2018 Cadenza New Car Test Drive
Once known mainly for its small cars, Kia now has a full range of models. The current lineup includes two premium sedans: the front-wheel-drive Cadenza and a bigger, more costly rear-drive K900.
Initially launched as a 2010 model, the Cadenza was redesigned as a second-generation sedan for 2017. Little has changed for the 2018 model year, except that the optional V6 Luxury Package now includes a panoramic sunroof and interior LED lighting.
Three trim levels are offered: Premium, Technology, and Limited (previously SXL). Each Cadenza contains a 3.3-liter V6 engine rated at 290 horsepower and 253 pound-feet of torque, driving an 8-speed automatic transmission.
With the original Cadenza, Kia didn't simply prepare a bigger version of its other sedans. On the other hand, the company's largest front-drive sedan didn't veer far away from the mainstream.
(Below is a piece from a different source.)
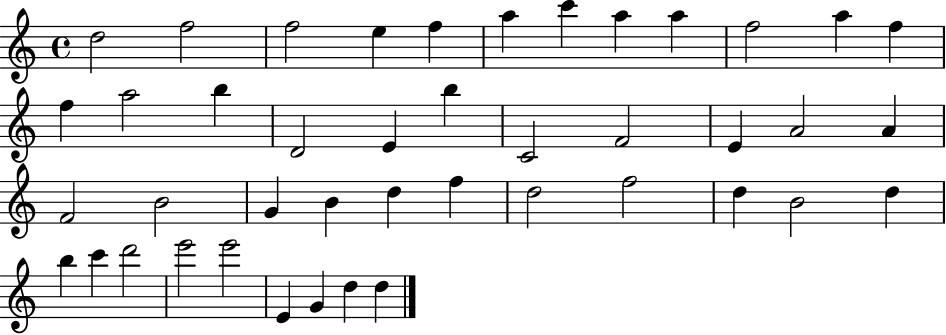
D5/h F5/h F5/h E5/q F5/q A5/q C6/q A5/q A5/q F5/h A5/q F5/q F5/q A5/h B5/q D4/h E4/q B5/q C4/h F4/h E4/q A4/h A4/q F4/h B4/h G4/q B4/q D5/q F5/q D5/h F5/h D5/q B4/h D5/q B5/q C6/q D6/h E6/h E6/h E4/q G4/q D5/q D5/q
Styling is best described as evolutionary rather than groundbreaking, and fuel economy hasn't been a strong point. Still, the Cadenza has matured considerably in its current, second-generation form.
Although a Cadenza lacks some of the luxurious touches offered in Kia's rear-drive K900 and its compatriots, it offers plenty for a more accessible price. Even the base Premium trim level is quite well-equipped, including leather seat upholstery and a rearview camera.
A $3,000 option group for Premium trim includes navigation, an 8.0-inch touchscreen, panoramic moonroof, blind-spot monitoring with rear cross-traffic alert, lane-change assist, rear parking sensors, and 630-watt Harman Kardon audio.
As for modern safety technology, forward-collision warnings and automatic emergency braking are standard on the more costly Technology and Limited trim levels. Neither is available for the base (Premium) sedan, though the latter can be fitted with blind-spot monitoring. A rearview camera is standard for all; while a surround-view camera system comes with the Limited edition.
Crash-test data is incomplete. The National Highway Traffic Safety Administration has not crash-tested a Cadenza. The Insurance Institute for Highway Safety named the Cadenza a Top Safety Pick for 2018, with Good ratings in all crash tests. Frontal crash prevention is rated Superior, but only if certain optional equipment is installed. In addition, only the optional LED headlights were deemed Acceptable.
Premium ($32,290) comes with leather upholstery, a rearview camera, cruise control, dual-zone automatic climate control, heated front seats, a 7.0-inch infotainment touchscreen, and 18-inch alloy wheels. The infotainment system operates in accord with Kia's UVO eServices telematics, including Android Auto and Apple CarPlay. (Prices are MSRP and do not include $900 destination charge.)
Technology ($39,290) gets 19-inch wheels, ventilated front seats, wireless smartphone charging, bi-function LED headlights, adaptive cruise control, and forward-collision warning with automatic emergency braking.
Limited ($44,690) adds Nappa quilted leather, sunshades, heated outboard rear seats, surround-view camera system, and a head-up display.